Statistical Models for the Analysis of Isobaric Tags Multiplexed Quantitative Proteomics


D'Angelo G., Chaerkady R., Yu W., Hizal D. , Hess S., Zhao W., ...More

JOURNAL OF PROTEOME RESEARCH, vol.16, no.9, pp.3124-3136, 2017 (Journal Indexed in SCI) identifier identifier identifier

  • Publication Type: Article / Article
  • Volume: 16 Issue: 9
  • Publication Date: 2017
  • Doi Number: 10.1021/acs.jproteome.6b01050
  • Title of Journal : JOURNAL OF PROTEOME RESEARCH
  • Page Numbers: pp.3124-3136

Abstract

Mass spectrometry is being used to identify protein biomarkers that can facilitate development of drug treatment. Mass spectrometry-based labeling proteomic experiments result in complex proteomic data that is hierarchical in nature often with small sample size studies. The generalized linear model (GLM) is the most popular approach in proteomics to compare protein abundances between groups. However, GLM does not address all the complexities of proteomics data such as repeated measures and variance heterogeneity. Linear models for microarray data (LIMMA) and mixed models are two approaches that can address some of these data complexities to provide better statistical estimates.
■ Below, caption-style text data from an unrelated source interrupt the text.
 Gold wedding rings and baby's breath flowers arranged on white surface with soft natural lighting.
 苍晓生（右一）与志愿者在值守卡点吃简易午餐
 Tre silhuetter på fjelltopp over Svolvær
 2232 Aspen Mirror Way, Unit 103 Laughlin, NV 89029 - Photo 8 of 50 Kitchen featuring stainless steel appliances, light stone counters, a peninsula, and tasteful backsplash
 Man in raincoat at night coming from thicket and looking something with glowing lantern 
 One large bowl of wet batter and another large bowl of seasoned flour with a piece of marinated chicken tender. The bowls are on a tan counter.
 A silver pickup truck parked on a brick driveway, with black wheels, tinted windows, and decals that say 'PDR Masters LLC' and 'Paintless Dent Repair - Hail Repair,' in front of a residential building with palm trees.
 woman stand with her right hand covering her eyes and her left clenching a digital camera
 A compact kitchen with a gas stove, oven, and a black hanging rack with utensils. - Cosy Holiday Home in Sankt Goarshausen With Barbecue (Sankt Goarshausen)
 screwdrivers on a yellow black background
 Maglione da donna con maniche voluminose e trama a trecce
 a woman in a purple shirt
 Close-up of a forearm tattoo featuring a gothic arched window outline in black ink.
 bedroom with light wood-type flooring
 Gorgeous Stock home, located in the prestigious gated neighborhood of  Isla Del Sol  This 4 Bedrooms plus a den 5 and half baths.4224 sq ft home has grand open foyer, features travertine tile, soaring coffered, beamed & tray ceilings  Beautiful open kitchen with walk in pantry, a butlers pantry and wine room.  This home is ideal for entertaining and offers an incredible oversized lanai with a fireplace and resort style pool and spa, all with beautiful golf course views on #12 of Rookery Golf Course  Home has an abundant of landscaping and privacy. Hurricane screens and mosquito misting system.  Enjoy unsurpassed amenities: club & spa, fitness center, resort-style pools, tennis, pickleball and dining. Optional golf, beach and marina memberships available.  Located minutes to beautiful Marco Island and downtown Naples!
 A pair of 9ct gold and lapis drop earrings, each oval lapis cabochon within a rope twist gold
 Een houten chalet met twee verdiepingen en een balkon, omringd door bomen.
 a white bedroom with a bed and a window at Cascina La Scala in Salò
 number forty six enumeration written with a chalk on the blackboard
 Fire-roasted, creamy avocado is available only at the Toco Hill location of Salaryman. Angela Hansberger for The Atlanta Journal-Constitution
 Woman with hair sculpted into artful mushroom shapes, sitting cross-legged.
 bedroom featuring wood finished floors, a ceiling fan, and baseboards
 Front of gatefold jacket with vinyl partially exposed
We compared these three statistical models (GLM, LIMMA, and mixed models) under two different normalization approaches (quantile normalization and median sweeping) to demonstrate when each approach is the best for tagged proteins. We evaluated these methods using a spiked-in data set of known protein abundances, a systemic lupus erythematosus (SLE) data set, and simulated data from multiplexed labeling experiments that use tandem mass tags (TMT). Data are available via ProteomeXchange with identifier PXD00S486. We found median sweeping to be a preferred approach data normalization, and with this normalization approach there was overlap with findings across all methods with GLM being a subset of mixed models. The conclusion is that the mixed model had the best type I error with median sweeping, whereas LIMMA had the better overall statistical properties regardless of normalization approaches.